To conclude that the offence was complete 30 days after the Notice would oblige the Inspector to either immediately begin a prosecution (thereby giving no leeway to the company) or repeatedly issuing notices. That is a ludicrous result.
[18] While Justice Grange in Rutherford says “it is considerably easier” to find a continuing offence where the legislation contains other provisions setting out daily penalties in the form of incremental liability, he does not say it is determinative of the issue. Moreover, I see no reason why the legislature cannot set out one provision in an Act, prescribing a daily penalty, and at the same time, enact other provisions within the same Act without daily penalties, that are continuous offences as well.
[19] Applying the decision of Hamilton Health Sciences to the case at bar, I note that there is an absence of urgency as compared with the facts in Newton-Thompson. That, as well as the statutory requirement that the childcare workers report their suspicions with respect to possible child abuse “forthwith”, distinguishes that case on the facts from both Hamilton Health Sciences, as well as the case before me.
[20] In both Hamilton Health Sciences and Newton-Thompson, the key factor was whether to emphasize timeliness over compliance, or vice versa. A review of the purposes of the legislation drove the analysis in both cases. It is therefore essential to consider the purpose of both the Employment Standards Act and the Employment Protection for Foreign Nationals Act.
[21] There is no statement of principles or preamble included at the beginning of either Act. Several cases have discussed the purpose of the Employment Standards Act. However, in Rizzo & Rizzo Shoes Ltd. (Re), [1998] 1 SCR 27, at para 24 the Supreme Court of Canada cited a prior case on the issue quoting as follows at para 24:
24 In Machtinger v. HOJ Industries Ltd., [1992] 1 S.C.R. 986, at p. 1002, the majority of this Court recognized the importance that our society accords to employment and the fundamental role that it has assumed in the life of the individual. The manner in which employment can be terminated was said to be equally important (see also Wallace v. United Grain Growers Ltd., [1997] 3 S.C.R. 701). It was in this context that the majority in Machtinger described, at p. 1003, the object of the ESA as being the protection of “. . . the interests of employees by requiring employers to comply with certain minimum standards, including minimum periods of notice of termination”. Accordingly, the majority concluded, at p. 1003, that, “. . . an interpretation of the Act which encourages employers to comply with the minimum requirements of the Act, and so extends its protections to as many employees as possible, is to be favoured over one that does not”.

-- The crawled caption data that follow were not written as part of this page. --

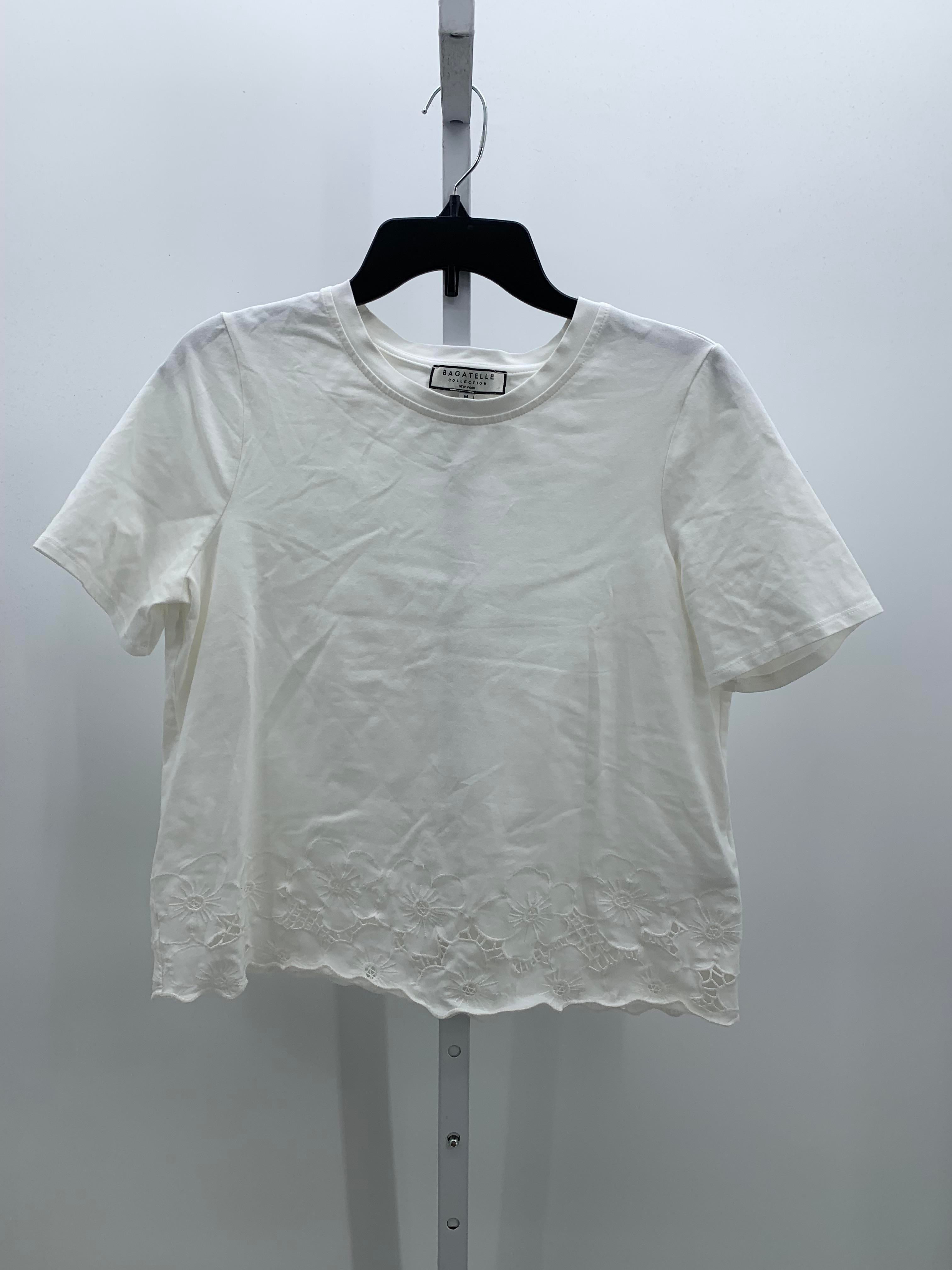 Size Medium Misses Short Sleeve Shirt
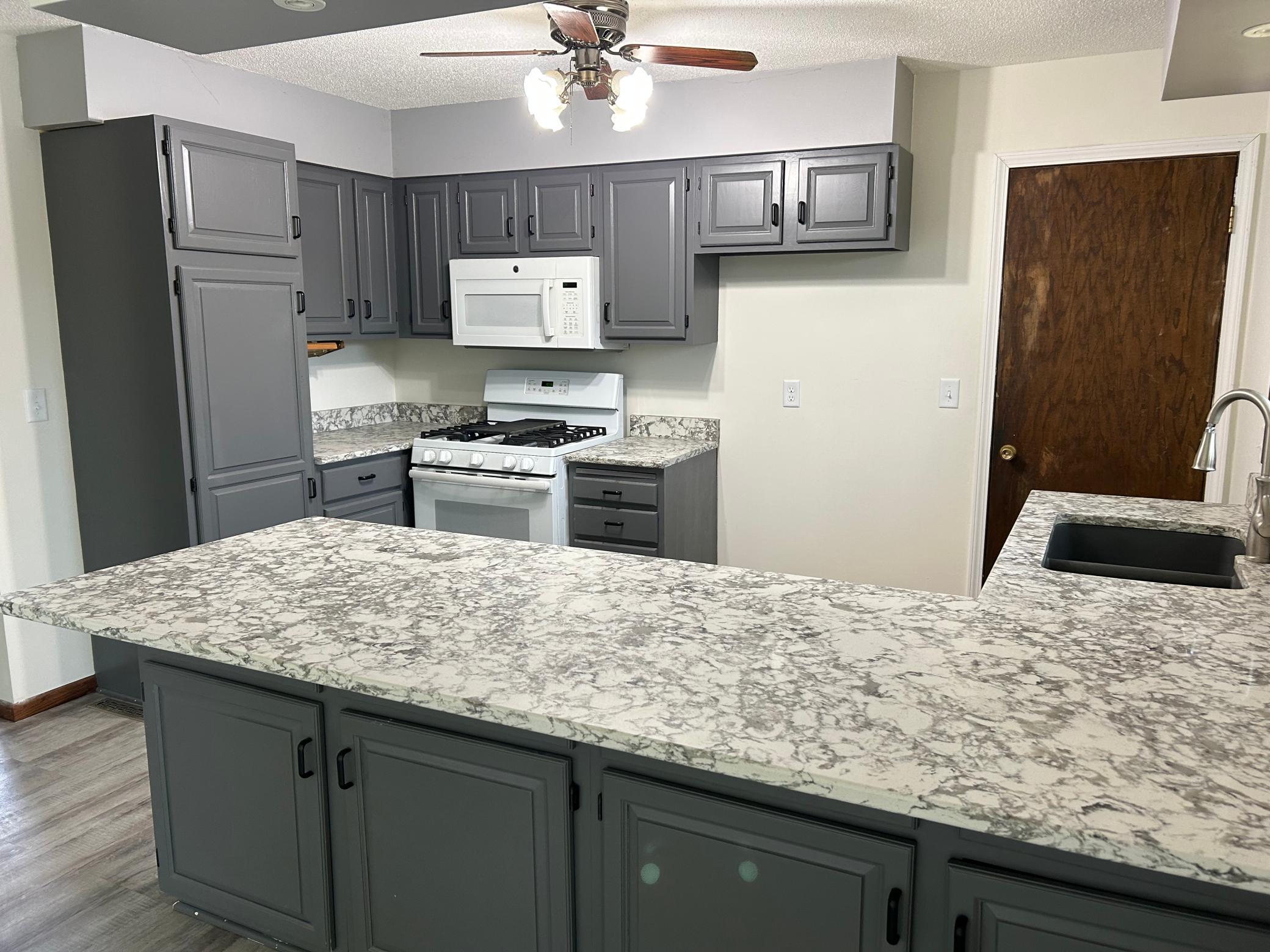 KITCHEN.jpeg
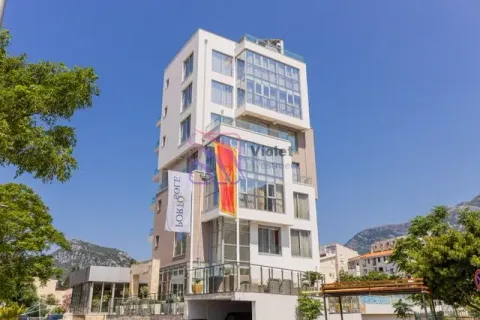Pogled na spoljašnjost moderne stambene zgrade. - image 3
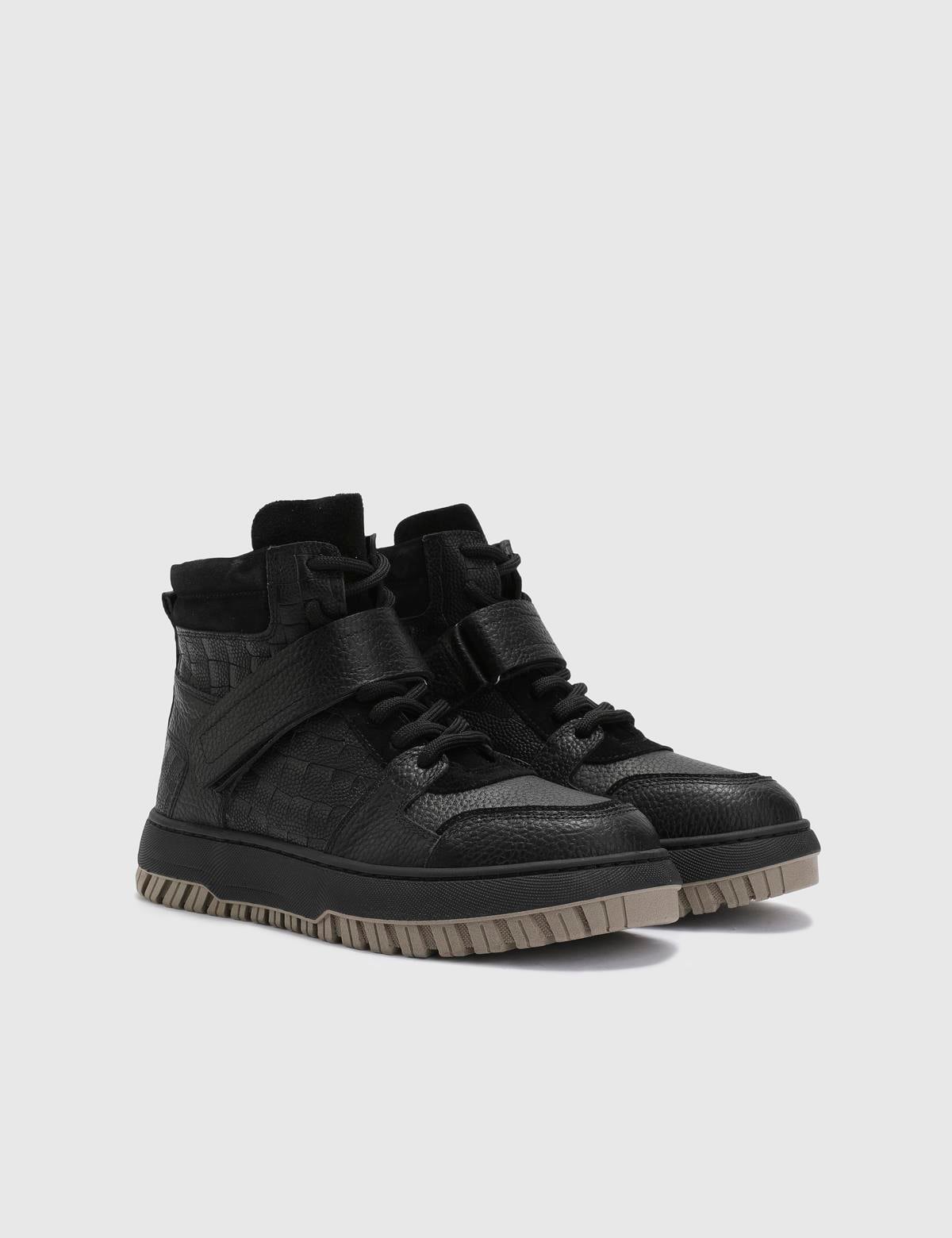 Gardenia Black Leather Women's Boot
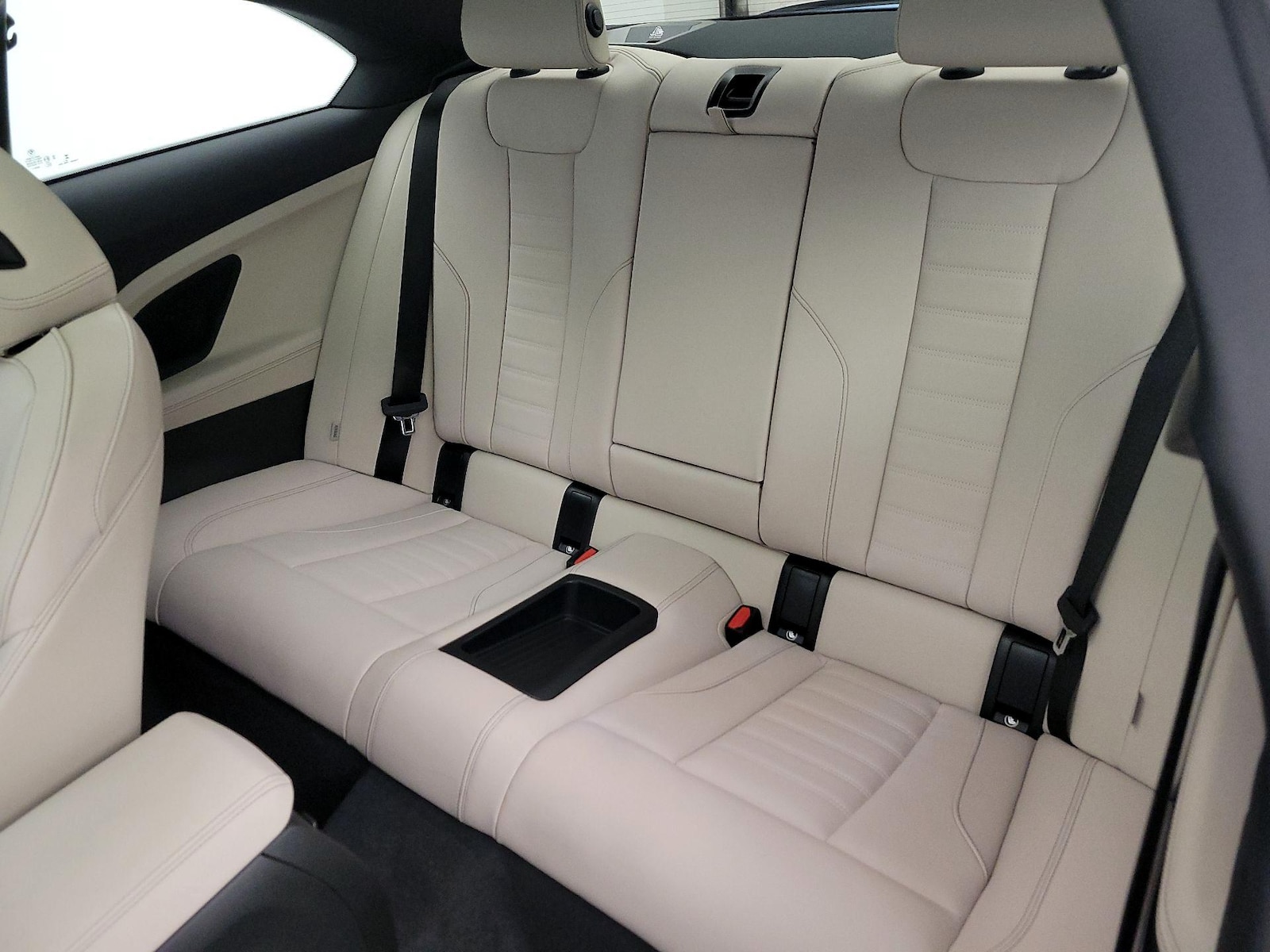 2026 BMW 2 Series M240i - Photo 22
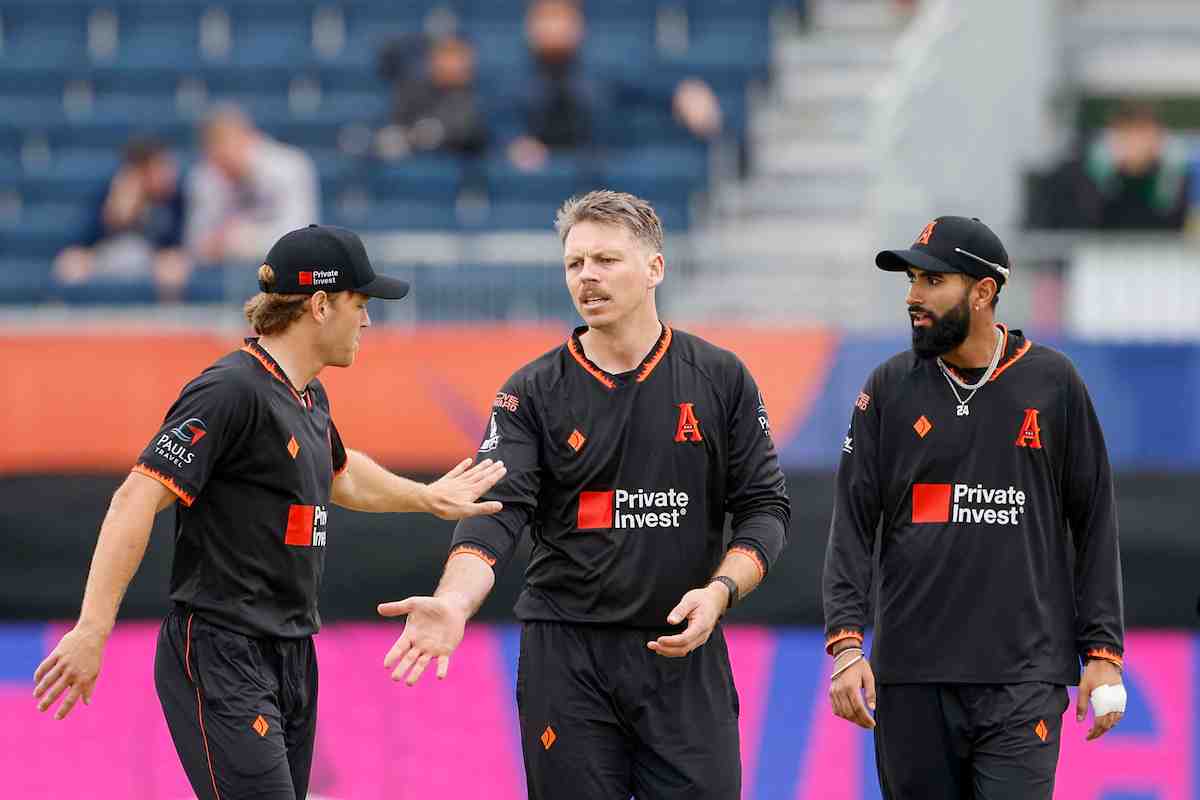 Five-star Michael Bracewell helps Amsterdam set Edinburgh on flames with emphatic 8-wicket win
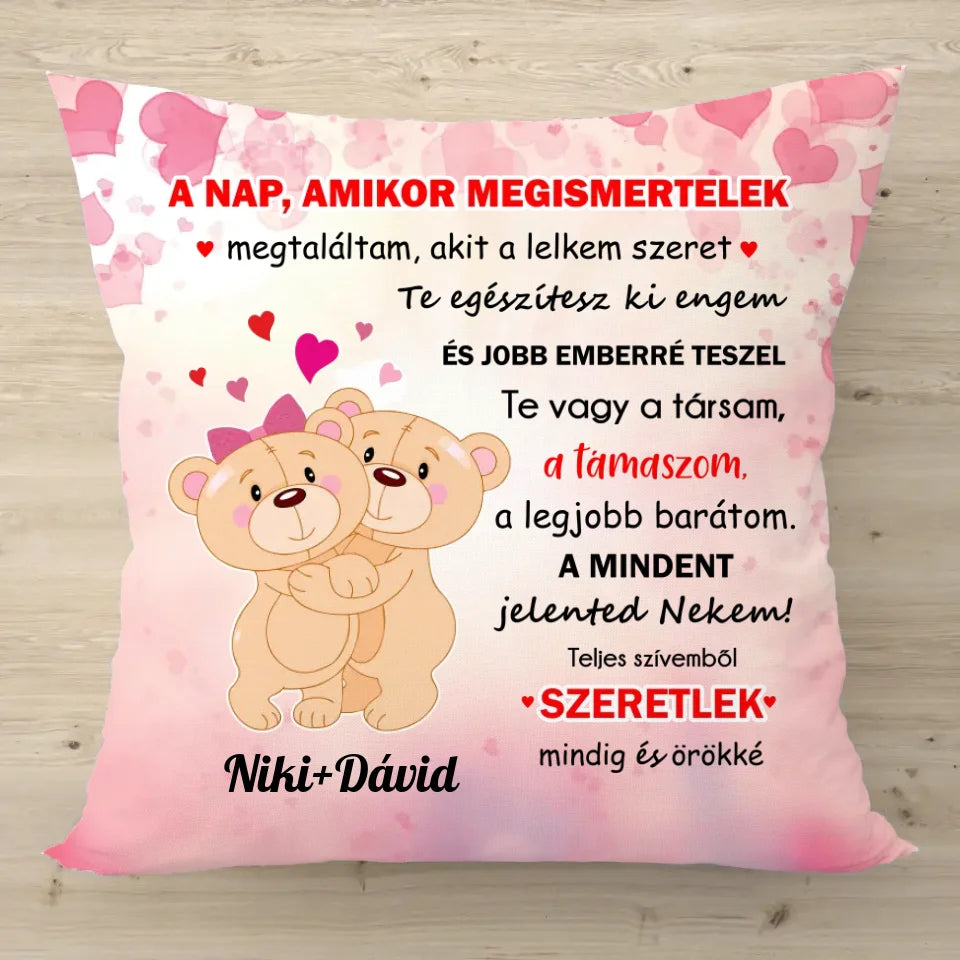 Pernă ursuleț de pluș de Ziua Îndrăgostiților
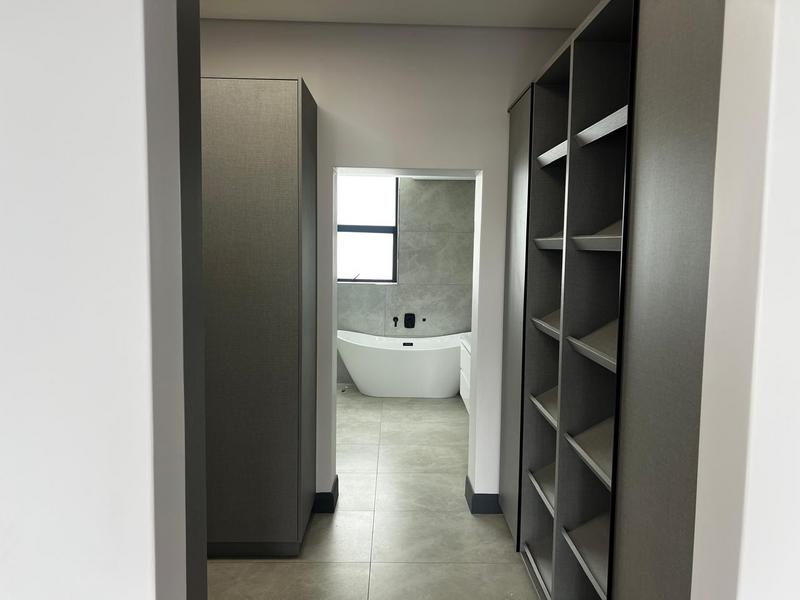 4 Bedroom Property for Sale in Midstream Heights Gauteng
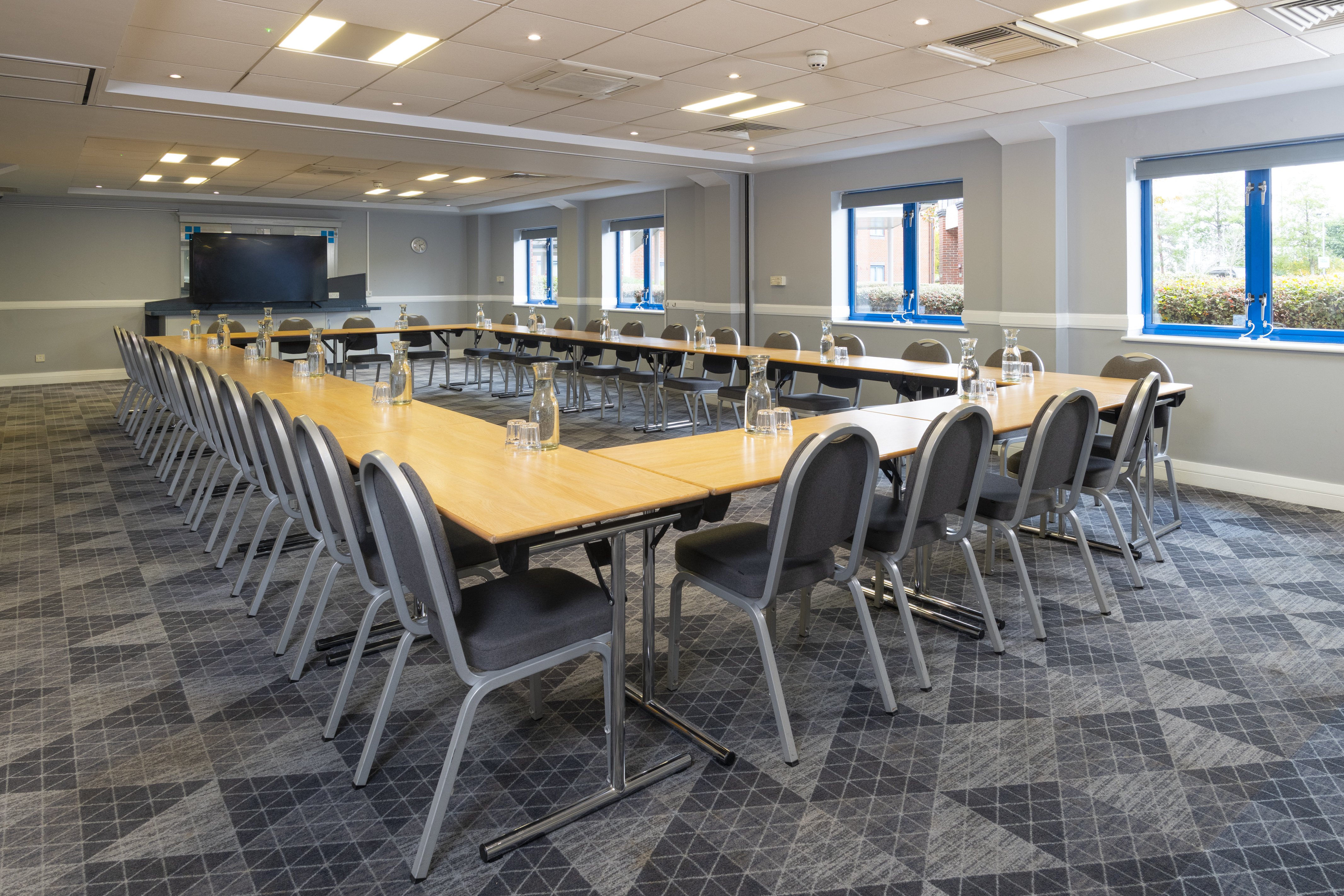 HOLIDAY INN EXPRESS BIRMINGHAM NEC 64/73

[22] More recently, in Wood v. CTS of Canada Co., 2018 ONCA 758, the Ontario Court of Appeal adopted the purpose set out in the Machtinger case and stated as follows:
(i) The purpose of the ESA
[45] The purpose of the ESA is to protect the interests of employees by requiring employers to comply with certain minimum standards, including minimum periods of notice of termination: Machtinger v. HOJ Industries Ltd., [1992] 1 S.C.R. 986, [1992] S.C.J. No. 41, at p. 1003 S.C.R. Its objective is not to impose requirements on employers in excess of the statutory minimums. Tying the requirement to provide Form 1 notice to the director to when an employer gives what it intends to be common law reasonable notice, in excess of the statutorily required minimum notice period, is not consistent with the object of the Act of requiring employers to comply with certain minimum standards.
[23] I would ascribe a similar purpose (i.e. requiring employers to comply with certain minimum standards) to the Employment Protection for Foreign Nationals Act, at least with respect to the types of offences that the Defendant is charged with.
[24] Having considered the jurisprudence as well as the purposes of the both the Employment Standards Act and the Employment Protection for Foreign Nationals Act, I have concluded that the purpose of both Acts is best served by emphasizing the compliance with the Orders over the timeliness of said compliance. Certainly, from the perspective of the worker who has not been paid, getting paid is obviously the priority when compared with the timeliness of compliance. While timely payment for work done is important, it pales in comparison to the financial deprivation suffered by these eleven employees which has been ongoing for years now. Or to put it another way, “better late than never”.
[25] Having made that determination, I conclude that the offences charged in the case at bar are continuous offences. As a result, the prosecution has not missed the limitation period. The application to Quash is dismissed.